#### [PROBLEM DETAILS]
Retype the whole listing exactly. Leave out pictures.

#### [DATASET SECTION]
┏━━
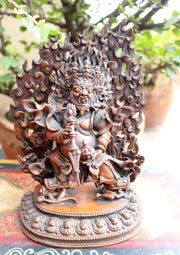 Skillfully Handcarved Mahakala Statue with Flames 8" High - nepacrafts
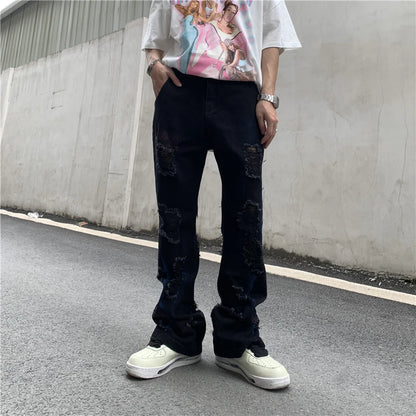 fashion back letters printed denim flare jeans mens zipper straight trouser hip hop destroy holes streetwear jean pants joggers streetwear sweatpants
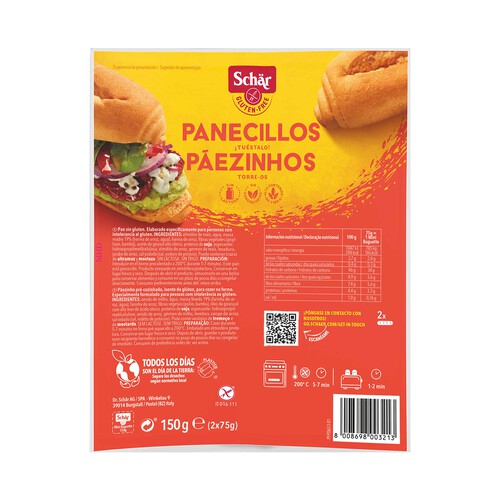 SCHÄR Pan mini baguette precocido sin gluten SCHÄR, 2 uds x150 g.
┗━━
#### [OUTPUT]
 Skillfully Handcarved Mahakala Statue with Flames 8" High - nepacrafts
 fashion back letters printed denim flare jeans mens zipper straight trouser hip hop destroy holes streetwear jean pants joggers streetwear sweatpants
 SCHÄR Pan mini baguette precocido sin gluten SCHÄR, 2 uds x150 g.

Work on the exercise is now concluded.